What the task requires = Give the records once more, exactly as they stand.

╭──

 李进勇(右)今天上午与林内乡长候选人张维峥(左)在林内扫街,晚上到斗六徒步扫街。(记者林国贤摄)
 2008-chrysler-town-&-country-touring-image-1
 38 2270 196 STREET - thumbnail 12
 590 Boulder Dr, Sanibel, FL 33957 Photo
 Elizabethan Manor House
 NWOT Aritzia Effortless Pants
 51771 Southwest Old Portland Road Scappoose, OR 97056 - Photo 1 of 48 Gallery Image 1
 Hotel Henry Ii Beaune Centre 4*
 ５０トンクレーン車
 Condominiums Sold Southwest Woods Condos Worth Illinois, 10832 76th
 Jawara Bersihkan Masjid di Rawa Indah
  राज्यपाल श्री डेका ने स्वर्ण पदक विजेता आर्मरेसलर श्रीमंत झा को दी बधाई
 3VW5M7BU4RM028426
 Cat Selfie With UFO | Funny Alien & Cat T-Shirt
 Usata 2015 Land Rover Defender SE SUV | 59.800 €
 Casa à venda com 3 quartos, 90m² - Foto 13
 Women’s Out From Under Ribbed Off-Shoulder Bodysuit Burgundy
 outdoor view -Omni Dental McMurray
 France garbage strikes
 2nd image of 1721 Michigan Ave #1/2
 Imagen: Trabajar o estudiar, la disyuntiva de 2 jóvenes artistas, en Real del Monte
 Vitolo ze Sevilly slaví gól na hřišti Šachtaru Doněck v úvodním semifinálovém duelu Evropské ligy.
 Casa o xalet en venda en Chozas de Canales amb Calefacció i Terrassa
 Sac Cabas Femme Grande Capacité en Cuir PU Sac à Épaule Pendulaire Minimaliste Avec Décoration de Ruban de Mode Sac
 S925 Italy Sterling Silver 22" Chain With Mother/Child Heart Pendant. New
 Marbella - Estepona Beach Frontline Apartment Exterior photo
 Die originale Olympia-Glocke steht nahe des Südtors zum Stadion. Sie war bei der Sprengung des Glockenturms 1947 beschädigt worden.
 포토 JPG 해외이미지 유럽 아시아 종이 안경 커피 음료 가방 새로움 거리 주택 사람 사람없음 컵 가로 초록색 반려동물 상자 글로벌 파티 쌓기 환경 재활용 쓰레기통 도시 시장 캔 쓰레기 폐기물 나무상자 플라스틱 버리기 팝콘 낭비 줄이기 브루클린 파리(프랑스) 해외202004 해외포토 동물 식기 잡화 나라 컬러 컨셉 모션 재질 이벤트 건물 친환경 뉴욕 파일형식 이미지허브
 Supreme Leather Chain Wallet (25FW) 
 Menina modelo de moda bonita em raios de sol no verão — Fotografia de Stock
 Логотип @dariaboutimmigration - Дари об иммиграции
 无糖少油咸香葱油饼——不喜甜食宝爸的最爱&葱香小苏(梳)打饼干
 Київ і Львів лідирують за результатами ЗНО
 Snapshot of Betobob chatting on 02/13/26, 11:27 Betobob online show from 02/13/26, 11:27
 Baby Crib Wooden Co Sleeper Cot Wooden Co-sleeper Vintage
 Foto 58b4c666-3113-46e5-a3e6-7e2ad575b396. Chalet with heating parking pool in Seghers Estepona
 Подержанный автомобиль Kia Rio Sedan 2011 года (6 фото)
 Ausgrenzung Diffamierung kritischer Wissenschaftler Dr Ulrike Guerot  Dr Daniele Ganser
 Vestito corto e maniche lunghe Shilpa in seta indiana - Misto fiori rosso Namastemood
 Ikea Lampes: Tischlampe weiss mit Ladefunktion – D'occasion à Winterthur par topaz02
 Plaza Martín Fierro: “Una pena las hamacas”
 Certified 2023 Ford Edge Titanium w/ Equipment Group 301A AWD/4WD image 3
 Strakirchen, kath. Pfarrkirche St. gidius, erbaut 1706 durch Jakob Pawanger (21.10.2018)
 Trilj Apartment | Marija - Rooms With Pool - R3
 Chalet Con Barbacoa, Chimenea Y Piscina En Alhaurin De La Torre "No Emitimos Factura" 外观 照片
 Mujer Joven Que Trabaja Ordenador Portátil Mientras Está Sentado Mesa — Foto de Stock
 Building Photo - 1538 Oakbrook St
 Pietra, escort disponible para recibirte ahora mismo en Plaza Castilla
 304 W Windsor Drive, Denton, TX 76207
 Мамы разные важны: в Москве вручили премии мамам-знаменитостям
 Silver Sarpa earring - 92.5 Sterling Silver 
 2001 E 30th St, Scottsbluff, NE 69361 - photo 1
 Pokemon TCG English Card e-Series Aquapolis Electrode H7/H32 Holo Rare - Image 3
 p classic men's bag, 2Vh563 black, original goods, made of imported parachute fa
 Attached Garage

╰──

Reply to the task =
 李进勇(右)今天上午与林内乡长候选人张维峥(左)在林内扫街,晚上到斗六徒步扫街。(记者林国贤摄)
 2008-chrysler-town-&-country-touring-image-1
 38 2270 196 STREET - thumbnail 12
 590 Boulder Dr, Sanibel, FL 33957 Photo
 Elizabethan Manor House
 NWOT Aritzia Effortless Pants
 51771 Southwest Old Portland Road Scappoose, OR 97056 - Photo 1 of 48 Gallery Image 1
 Hotel Henry Ii Beaune Centre 4*
 ５０トンクレーン車
 Condominiums Sold Southwest Woods Condos Worth Illinois, 10832 76th
 Jawara Bersihkan Masjid di Rawa Indah
  राज्यपाल श्री डेका ने स्वर्ण पदक विजेता आर्मरेसलर श्रीमंत झा को दी बधाई
 3VW5M7BU4RM028426
 Cat Selfie With UFO | Funny Alien & Cat T-Shirt
 Usata 2015 Land Rover Defender SE SUV | 59.800 €
 Casa à venda com 3 quartos, 90m² - Foto 13
 Women’s Out From Under Ribbed Off-Shoulder Bodysuit Burgundy
 outdoor view -Omni Dental McMurray
 France garbage strikes
 2nd image of 1721 Michigan Ave #1/2
 Imagen: Trabajar o estudiar, la disyuntiva de 2 jóvenes artistas, en Real del Monte
 Vitolo ze Sevilly slaví gól na hřišti Šachtaru Doněck v úvodním semifinálovém duelu Evropské ligy.
 Casa o xalet en venda en Chozas de Canales amb Calefacció i Terrassa
 Sac Cabas Femme Grande Capacité en Cuir PU Sac à Épaule Pendulaire Minimaliste Avec Décoration de Ruban de Mode Sac
 S925 Italy Sterling Silver 22" Chain With Mother/Child Heart Pendant. New
 Marbella - Estepona Beach Frontline Apartment Exterior photo
 Die originale Olympia-Glocke steht nahe des Südtors zum Stadion. Sie war bei der Sprengung des Glockenturms 1947 beschädigt worden.
 포토 JPG 해외이미지 유럽 아시아 종이 안경 커피 음료 가방 새로움 거리 주택 사람 사람없음 컵 가로 초록색 반려동물 상자 글로벌 파티 쌓기 환경 재활용 쓰레기통 도시 시장 캔 쓰레기 폐기물 나무상자 플라스틱 버리기 팝콘 낭비 줄이기 브루클린 파리(프랑스) 해외202004 해외포토 동물 식기 잡화 나라 컬러 컨셉 모션 재질 이벤트 건물 친환경 뉴욕 파일형식 이미지허브
 Supreme Leather Chain Wallet (25FW) 
 Menina modelo de moda bonita em raios de sol no verão — Fotografia de Stock
 Логотип @dariaboutimmigration - Дари об иммиграции
 无糖少油咸香葱油饼——不喜甜食宝爸的最爱&葱香小苏(梳)打饼干
 Київ і Львів лідирують за результатами ЗНО
 Snapshot of Betobob chatting on 02/13/26, 11:27 Betobob online show from 02/13/26, 11:27
 Baby Crib Wooden Co Sleeper Cot Wooden Co-sleeper Vintage
 Foto 58b4c666-3113-46e5-a3e6-7e2ad575b396. Chalet with heating parking pool in Seghers Estepona
 Подержанный автомобиль Kia Rio Sedan 2011 года (6 фото)
 Ausgrenzung Diffamierung kritischer Wissenschaftler Dr Ulrike Guerot  Dr Daniele Ganser
 Vestito corto e maniche lunghe Shilpa in seta indiana - Misto fiori rosso Namastemood
 Ikea Lampes: Tischlampe weiss mit Ladefunktion – D'occasion à Winterthur par topaz02
 Plaza Martín Fierro: “Una pena las hamacas”
 Certified 2023 Ford Edge Titanium w/ Equipment Group 301A AWD/4WD image 3
 Strakirchen, kath. Pfarrkirche St. gidius, erbaut 1706 durch Jakob Pawanger (21.10.2018)
 Trilj Apartment | Marija - Rooms With Pool - R3
 Chalet Con Barbacoa, Chimenea Y Piscina En Alhaurin De La Torre "No Emitimos Factura" 外观 照片
 Mujer Joven Que Trabaja Ordenador Portátil Mientras Está Sentado Mesa — Foto de Stock
 Building Photo - 1538 Oakbrook St
 Pietra, escort disponible para recibirte ahora mismo en Plaza Castilla
 304 W Windsor Drive, Denton, TX 76207
 Мамы разные важны: в Москве вручили премии мамам-знаменитостям
 Silver Sarpa earring - 92.5 Sterling Silver 
 2001 E 30th St, Scottsbluff, NE 69361 - photo 1
 Pokemon TCG English Card e-Series Aquapolis Electrode H7/H32 Holo Rare - Image 3
 p classic men's bag, 2Vh563 black, original goods, made of imported parachute fa
 Attached Garage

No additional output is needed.